NMNH is in the early stages of developing a plan to ensure that this groundbreaking research and the museum's holdings are displayed in completely renovated paleontology halls. These new halls will allow visitors to learn, often firsthand from Smithsonian scientists, that the diversity of life is both staggering and ancient. The halls will continue to highlight the dinosaurs, but they will do so in a new and engaging way—by placing them (and museum visitors) in the context of their communities and changing environments.

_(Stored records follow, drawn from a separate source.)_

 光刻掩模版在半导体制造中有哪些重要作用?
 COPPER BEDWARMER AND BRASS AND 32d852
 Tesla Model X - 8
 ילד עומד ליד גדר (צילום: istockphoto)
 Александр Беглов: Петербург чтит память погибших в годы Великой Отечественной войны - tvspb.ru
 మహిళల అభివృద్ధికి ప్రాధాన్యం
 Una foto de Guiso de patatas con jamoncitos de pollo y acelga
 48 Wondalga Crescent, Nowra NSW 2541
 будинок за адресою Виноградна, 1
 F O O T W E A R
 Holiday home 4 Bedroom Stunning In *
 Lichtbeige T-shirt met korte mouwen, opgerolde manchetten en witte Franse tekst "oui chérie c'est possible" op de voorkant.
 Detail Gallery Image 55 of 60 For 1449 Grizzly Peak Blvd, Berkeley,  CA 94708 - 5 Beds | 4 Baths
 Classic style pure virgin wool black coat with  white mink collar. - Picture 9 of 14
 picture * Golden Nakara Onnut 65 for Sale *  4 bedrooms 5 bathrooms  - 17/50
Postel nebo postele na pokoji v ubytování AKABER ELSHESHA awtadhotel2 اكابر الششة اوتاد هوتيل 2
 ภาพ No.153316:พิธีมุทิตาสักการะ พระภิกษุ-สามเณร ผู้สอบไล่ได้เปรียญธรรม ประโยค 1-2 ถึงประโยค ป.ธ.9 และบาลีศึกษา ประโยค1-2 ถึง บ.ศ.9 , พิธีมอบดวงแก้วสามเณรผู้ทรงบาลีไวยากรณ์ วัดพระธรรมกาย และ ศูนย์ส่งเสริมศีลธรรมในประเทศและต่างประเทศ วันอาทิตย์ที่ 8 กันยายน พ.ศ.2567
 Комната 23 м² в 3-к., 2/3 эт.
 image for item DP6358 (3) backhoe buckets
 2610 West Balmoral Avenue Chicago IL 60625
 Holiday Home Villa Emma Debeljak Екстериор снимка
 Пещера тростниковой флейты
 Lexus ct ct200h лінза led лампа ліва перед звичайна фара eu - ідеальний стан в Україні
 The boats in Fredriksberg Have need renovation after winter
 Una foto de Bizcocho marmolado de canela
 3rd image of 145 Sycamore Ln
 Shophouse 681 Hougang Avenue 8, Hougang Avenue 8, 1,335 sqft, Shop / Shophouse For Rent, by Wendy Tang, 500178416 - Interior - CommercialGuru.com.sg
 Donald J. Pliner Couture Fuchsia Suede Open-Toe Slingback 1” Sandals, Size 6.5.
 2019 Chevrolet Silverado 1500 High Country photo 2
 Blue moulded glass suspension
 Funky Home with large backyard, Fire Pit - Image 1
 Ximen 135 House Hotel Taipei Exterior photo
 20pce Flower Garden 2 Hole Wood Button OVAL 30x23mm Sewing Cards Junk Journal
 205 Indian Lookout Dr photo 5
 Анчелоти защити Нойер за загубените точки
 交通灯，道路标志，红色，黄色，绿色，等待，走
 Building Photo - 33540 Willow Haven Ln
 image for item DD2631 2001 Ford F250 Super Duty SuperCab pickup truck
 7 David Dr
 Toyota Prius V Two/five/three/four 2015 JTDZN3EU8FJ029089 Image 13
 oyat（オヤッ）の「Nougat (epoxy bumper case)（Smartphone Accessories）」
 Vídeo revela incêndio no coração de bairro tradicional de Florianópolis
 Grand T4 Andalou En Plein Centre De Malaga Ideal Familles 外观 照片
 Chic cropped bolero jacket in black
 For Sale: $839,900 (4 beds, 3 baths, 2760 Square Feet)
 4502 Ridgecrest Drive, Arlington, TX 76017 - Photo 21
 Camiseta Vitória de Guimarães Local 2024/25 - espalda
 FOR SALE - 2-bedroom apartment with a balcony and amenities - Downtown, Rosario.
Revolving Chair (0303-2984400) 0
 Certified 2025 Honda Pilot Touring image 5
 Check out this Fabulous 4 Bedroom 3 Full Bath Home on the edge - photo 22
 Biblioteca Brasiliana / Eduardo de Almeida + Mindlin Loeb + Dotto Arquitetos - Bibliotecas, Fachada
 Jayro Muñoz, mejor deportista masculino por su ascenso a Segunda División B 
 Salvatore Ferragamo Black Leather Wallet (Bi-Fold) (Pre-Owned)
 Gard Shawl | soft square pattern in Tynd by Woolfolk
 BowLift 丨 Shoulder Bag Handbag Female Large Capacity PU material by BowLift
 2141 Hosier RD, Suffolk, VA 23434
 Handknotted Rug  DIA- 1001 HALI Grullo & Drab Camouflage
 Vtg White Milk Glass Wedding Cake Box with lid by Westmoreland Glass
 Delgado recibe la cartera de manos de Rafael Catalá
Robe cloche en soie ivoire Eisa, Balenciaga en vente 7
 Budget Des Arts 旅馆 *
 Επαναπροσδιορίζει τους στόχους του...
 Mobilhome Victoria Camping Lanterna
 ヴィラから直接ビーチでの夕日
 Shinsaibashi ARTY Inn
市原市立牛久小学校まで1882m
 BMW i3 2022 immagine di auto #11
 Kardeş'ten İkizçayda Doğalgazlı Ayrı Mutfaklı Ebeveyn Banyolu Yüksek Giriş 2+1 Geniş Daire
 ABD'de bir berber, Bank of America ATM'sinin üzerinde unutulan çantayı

The Smithsonian's T. rex project is generously supported by Smithsonian National Board member Edgar Masinter and his wife, Margery. Dr. Horner has promised that “we will find you a T. rex.” When he does, it will be the cornerstone of the renovated dinosaur halls. And it will remind millions of visitors that the treasures of NMNH include not just the paleobiology department's fossil collection, but the department itself.